No matter how you slice it, the majority of an airline’s passengers will always be flying in the economy class cabin. Economy will forever be the backbone of an airline’s operation and bottom line, filled with passengers who, for the most part, are just hoping to get from point A to point B.
The Focus on the Economy Cabin
Unfortunately, in recent decades, airlines have increasingly taken advantage of that, making their economy class products worse in an effort to squeeze the maximum number of seats into the cabin in the back. On some aircraft, seating has gone from nine-abreast to ten. But almost universally, legroom has gotten tighter, to the point that on some aircraft people over six feet tall can barely squeeze their legs behind the seat in front of them.
For just that reason, some of the most surprising news in the airline industry comes in the form of airlines announcing improvements to their economy class sections. Most airlines do all they can to over-market these minor changes, whether they have “the best economy class in the world” — I’m looking at you, Qatar Airways — or are even making rather small improvements in hopes of capturing just a little bit of attention for helping out the common traveler.
As my colleague points out, evidence has shown that passengers will not buy a more expensive economy ticket even when given slightly better amenities. So no, I don’t mistakenly believe any airline is truly going to be able to garner a premium for a slightly better economy class product.

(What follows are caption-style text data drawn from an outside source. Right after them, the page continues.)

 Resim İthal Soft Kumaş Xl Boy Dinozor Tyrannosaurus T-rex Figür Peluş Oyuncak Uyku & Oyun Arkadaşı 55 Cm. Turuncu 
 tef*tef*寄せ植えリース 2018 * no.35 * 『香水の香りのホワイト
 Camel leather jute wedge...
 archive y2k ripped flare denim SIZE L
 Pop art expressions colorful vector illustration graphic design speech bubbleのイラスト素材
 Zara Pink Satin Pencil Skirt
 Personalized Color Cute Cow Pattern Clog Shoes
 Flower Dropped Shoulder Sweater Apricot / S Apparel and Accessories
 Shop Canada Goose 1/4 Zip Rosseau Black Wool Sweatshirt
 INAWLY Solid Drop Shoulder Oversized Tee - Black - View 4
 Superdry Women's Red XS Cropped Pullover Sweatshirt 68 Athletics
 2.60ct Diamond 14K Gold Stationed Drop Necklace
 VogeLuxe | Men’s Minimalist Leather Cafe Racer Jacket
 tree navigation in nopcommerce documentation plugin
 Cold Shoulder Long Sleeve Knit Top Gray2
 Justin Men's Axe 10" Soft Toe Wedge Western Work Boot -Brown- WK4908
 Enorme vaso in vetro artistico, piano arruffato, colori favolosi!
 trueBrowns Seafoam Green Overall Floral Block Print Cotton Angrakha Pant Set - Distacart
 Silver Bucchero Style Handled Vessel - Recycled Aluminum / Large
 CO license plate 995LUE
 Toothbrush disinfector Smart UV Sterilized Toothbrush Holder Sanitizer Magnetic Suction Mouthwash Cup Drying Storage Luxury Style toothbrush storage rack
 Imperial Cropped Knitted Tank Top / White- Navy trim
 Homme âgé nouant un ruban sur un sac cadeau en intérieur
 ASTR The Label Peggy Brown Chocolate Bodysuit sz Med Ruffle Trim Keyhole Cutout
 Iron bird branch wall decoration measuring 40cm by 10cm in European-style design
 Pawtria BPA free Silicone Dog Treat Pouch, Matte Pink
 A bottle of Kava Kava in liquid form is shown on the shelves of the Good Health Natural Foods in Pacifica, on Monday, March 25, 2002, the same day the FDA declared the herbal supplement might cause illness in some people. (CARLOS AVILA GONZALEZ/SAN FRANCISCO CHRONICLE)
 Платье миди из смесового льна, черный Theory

Delta’s Investment in Customers
That’s why, like many, I was both surprised and excited to hear Delta had made some minor improvements to its economy class service. While the changes, which range from pre-departure cocktails to pre-landing chocolates, don’t represent a massive improvement from a passenger experience standpoint, they do signal a desire by Delta to invest in the passenger experience — all of it.
Of course, Delta’s biggest competitors in that realm come in the form of other U.S.-based carriers. And with United and American as its principal competitors, it would be easy to assume Delta doesn’t need to make any improvements to its product in order to stay competitive.
If you look at American as just one example, it is the carrier that had to backtrack after reducing the amount of legroom it would put in economy on its Boeing 737 MAX aircraft, clearly illustrating to those across the industry that it had an explicit desire to take advantage of economy class and its passengers to the benefit of its bottom line.
While these additions for Delta don’t represent massive tangible changes, they do have the opposite appearance of American’s, illustrating Delta’s commitment to all passengers outside of the forward cabin. It’s very unlikely economy will become as revolutionary as some companies appear to believe. But, through small changes like those Delta has unveiled, carriers can work to ensure air travel in the economy cabin does not continue to degrade in quality across the board.
Hopefully other carriers will follow the lead of Delta — and, yes, even Qatar Airways — because as air travel has gone from a luxury to a commonplace method of transportation for a subset of American travelers, some its beauty and mystique has disappeared as well, slowly pushed away by too-small seats and a too-stressful experience. With a pre-departure drink here and a bit of extra legroom there, maybe one day that mystique and beauty will reignite more customer’s enjoyment with travel.